Quels sont les piliers de la sécurité de Matter ?

Il y a quatre concepts qui définissent la sécurité de l'IoT et expliquent pourquoi les fabricants ont besoin d'intégrer la cryptographie. Le premier est la confidentialité. La donnée ne doit être lisible que par l'entité destinée à la lire. Pour assurer une bonne sécurité, il faut que chaque objet connecté ait une identité unique. La seconde notion est l'authentification. Au niveau de la communication avec l'objet, il faut être sûr que les échanges se fassent avec le bon interlocuteur. Un ensemble de certificats garantissent le mécanisme.

Troisième concept : l'intégrité. Il est en effet important de s'assurer que la donnée contenue dans les messages soit reçue de manière intacte. Cela se vérifie dans le temps par le maintien en condition opérationnelle. La donnée ne doit pas pouvoir être modifiée par une entité qui n'y est pas autorisée. C'est par ce biais que des centrifugeuses ont été piratées, l'impact peut être conséquent.

Enfin, quatrième et dernier concept : la privacy. Elle garantit que seuls les terminaux et passerelles souhaités font partie du réseau. Le réseau Matter est entièrement local et ne nécessite pas de connexion internet. En revanche, le gestionnaire de l'écosystème peut créer une application utilisant le cloud. Tous ces concepts sont intégrés dans Matter.

Qu'apporte Matter de nouveau en matière de cybersécurité ?

Les communications se feront par Wifi ou par Thread, mais la mise en service de l'objet connecté (le commissionnement ou commissioning, en anglais, ndlr) se fera par Bluetooth. Le principal avantage de ce protocole réside dans son caractère courte distance, mais aussi dans son commissionnement dédié (out of band, ndlr). Cette diversification des réseaux est un bon point du côté de la sécurité car elle complique les attaques.
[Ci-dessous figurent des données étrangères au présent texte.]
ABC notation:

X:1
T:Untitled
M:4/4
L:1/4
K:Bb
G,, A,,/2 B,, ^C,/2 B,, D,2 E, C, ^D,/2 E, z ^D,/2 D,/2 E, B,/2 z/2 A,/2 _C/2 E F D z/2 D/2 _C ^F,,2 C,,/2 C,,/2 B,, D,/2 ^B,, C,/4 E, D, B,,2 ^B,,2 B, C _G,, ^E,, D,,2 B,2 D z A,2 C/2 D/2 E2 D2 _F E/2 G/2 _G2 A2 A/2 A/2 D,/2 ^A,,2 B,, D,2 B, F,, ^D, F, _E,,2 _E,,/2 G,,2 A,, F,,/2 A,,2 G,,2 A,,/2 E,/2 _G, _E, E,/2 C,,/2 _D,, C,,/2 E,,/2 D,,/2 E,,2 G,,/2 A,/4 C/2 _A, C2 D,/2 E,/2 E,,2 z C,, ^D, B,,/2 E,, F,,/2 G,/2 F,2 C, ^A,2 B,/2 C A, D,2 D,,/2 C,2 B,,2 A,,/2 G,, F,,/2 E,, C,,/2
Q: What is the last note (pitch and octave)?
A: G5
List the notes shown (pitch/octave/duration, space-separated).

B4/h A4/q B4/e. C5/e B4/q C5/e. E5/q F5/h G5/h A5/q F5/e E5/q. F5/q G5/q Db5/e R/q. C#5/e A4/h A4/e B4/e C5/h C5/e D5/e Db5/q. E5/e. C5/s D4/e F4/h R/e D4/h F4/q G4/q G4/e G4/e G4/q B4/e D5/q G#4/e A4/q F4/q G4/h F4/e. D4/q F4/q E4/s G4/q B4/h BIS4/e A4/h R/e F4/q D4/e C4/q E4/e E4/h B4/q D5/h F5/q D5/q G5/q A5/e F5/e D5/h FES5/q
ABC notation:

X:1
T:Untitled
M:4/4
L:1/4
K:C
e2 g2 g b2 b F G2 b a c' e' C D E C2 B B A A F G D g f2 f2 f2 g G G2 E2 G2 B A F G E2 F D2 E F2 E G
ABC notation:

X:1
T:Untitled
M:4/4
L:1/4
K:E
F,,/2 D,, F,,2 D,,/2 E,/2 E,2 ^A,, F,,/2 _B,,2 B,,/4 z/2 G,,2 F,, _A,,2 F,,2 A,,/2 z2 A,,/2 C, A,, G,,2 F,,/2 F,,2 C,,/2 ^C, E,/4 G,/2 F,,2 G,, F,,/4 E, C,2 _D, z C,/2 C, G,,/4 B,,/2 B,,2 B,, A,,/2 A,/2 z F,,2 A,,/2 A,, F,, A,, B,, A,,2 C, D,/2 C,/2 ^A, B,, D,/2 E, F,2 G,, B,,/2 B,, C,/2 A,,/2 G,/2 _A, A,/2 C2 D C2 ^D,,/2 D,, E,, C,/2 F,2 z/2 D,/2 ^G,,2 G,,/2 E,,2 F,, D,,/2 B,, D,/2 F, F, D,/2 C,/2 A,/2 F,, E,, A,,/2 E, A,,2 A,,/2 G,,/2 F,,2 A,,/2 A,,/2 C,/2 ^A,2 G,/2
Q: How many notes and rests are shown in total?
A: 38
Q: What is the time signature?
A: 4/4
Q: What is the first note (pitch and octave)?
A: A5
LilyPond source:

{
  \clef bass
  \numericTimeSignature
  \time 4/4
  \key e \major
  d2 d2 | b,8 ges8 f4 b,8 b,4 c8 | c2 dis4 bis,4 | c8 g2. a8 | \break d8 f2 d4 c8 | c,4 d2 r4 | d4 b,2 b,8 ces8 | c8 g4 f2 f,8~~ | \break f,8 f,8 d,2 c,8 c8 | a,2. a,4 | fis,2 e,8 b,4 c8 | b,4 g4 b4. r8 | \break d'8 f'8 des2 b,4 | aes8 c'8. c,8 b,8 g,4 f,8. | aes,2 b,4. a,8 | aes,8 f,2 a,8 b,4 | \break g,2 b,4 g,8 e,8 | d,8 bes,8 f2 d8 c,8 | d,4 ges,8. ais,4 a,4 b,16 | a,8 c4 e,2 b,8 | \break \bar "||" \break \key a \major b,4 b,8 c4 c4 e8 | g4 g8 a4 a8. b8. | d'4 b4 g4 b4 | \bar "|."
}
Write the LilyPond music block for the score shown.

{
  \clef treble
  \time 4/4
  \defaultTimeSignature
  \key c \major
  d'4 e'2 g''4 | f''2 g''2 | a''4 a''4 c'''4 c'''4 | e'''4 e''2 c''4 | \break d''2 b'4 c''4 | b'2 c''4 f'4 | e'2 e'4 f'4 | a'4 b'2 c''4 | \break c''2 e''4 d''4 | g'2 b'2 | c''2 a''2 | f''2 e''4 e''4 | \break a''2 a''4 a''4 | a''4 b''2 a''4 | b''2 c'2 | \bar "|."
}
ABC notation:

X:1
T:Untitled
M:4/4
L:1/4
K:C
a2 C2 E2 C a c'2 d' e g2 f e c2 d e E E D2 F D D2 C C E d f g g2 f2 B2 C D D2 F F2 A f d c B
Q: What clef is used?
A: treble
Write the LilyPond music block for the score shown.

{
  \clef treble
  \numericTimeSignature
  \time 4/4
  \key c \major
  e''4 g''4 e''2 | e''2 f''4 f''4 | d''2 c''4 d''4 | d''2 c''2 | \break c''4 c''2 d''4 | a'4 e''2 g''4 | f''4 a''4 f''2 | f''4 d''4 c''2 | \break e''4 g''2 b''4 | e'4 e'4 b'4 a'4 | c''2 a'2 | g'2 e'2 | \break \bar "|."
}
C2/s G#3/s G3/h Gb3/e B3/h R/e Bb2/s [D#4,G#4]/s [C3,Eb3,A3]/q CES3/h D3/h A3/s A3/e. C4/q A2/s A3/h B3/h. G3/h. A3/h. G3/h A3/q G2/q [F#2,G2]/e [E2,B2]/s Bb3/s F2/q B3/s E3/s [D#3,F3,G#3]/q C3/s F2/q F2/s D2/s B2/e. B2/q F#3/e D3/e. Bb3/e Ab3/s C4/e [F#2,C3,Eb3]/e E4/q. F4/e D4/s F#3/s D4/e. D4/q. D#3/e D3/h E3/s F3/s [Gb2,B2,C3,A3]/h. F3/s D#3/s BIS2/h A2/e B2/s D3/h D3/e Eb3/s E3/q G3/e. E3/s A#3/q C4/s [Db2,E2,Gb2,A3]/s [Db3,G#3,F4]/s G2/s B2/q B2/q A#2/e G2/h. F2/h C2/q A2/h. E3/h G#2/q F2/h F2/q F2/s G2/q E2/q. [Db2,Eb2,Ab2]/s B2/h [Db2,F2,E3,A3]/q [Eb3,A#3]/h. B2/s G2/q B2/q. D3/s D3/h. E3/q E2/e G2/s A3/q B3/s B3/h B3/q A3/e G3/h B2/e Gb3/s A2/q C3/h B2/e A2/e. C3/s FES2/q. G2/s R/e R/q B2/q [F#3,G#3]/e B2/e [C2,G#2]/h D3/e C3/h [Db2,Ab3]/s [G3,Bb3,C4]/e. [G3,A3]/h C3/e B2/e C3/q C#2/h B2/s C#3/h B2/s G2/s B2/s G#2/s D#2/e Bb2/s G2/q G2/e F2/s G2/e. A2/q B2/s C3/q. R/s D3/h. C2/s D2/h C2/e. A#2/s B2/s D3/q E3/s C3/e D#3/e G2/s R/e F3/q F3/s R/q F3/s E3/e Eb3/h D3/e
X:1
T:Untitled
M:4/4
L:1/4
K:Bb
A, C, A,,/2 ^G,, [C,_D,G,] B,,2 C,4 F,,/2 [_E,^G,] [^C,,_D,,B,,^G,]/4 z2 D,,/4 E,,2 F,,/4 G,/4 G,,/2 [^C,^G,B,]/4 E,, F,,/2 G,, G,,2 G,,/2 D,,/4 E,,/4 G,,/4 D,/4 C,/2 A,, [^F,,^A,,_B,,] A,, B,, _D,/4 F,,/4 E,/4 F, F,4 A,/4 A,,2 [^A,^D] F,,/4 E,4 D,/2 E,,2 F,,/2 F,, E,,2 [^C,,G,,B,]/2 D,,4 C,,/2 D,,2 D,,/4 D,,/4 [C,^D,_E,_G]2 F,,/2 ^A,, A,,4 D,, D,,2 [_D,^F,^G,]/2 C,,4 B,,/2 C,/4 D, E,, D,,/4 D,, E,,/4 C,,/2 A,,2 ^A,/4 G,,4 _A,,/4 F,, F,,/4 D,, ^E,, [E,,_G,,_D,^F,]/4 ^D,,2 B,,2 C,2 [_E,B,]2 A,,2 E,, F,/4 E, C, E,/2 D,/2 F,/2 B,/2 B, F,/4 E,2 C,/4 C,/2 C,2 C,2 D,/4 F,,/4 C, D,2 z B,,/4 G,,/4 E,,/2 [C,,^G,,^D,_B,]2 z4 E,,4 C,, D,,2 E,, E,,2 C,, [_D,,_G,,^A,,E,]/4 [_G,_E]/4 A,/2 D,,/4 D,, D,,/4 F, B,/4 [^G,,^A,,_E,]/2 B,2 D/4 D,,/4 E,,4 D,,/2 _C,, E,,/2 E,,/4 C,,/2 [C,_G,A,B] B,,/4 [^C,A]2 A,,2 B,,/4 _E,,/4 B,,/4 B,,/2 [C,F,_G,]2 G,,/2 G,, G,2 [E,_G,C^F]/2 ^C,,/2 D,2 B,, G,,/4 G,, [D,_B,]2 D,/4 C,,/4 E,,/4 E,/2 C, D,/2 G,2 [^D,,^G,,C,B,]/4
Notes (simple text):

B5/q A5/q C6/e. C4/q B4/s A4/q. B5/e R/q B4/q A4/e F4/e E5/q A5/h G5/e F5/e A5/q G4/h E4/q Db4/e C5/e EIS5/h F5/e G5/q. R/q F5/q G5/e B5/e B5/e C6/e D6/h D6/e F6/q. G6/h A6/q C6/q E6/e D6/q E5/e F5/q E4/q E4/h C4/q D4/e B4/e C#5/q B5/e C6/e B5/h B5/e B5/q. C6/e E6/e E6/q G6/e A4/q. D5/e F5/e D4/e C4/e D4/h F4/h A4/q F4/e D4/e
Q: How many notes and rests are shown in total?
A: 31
Par ailleurs, le processus de sécurité de Matter, par l'ajout d'un composant d'authentification, va contribuer à mettre fin à deux pratiques de piratage : le cloning qui consiste à copier un objet pour le revendre sous une autre identité, et l'overbuilding qui consiste pour certains sous-traitants à fabriquer plus d'objets que la commande prévue pour les revendre sur le marché gris.

Quel conseil donneriez-vous aux fabricants ?

Matter sécurise le commissioning. Les processus de sécurité sont identiques partout dans le monde, pour tous les fabricants. C'est ce qui lui apporte beaucoup de valeur. Mais cela n'est pas suffisant pour que tout le système soit sécurisé. Cela ne sert à rien de recourir à un produit Matter si l'application sous-jacente n'a pas une sécurité renforcée. Si un objet a besoin de communiquer avec le cloud, il faudra mettre en place dans l'application (indépendamment de Matter, ndlr) les moyens de s'authentifier dans le cloud. Par exemple, si un thermostat communique avec la chaudière en local, il le fera en toute sécurité avec Matter. En revanche si l'application sur le thermostat communique avec le cloud sans authentification, elle s'expose à un risque.

Pour rappel, depuis combien de temps travaillez-vous sur le sujet ?

Silicon Labs s'est focalisé sur l'IoT en se concentrant notamment sur l'implémentation de la sécurité. Nous avons pris part dès le début à l'élaboration de Matter pour arriver à cette première spécification, disponible depuis le 4 octobre dernier. Silicon Labs est le premier fabricant à avoir reçu le niveau de sécurité PSA level 3 décerné par l'alliance IoXt.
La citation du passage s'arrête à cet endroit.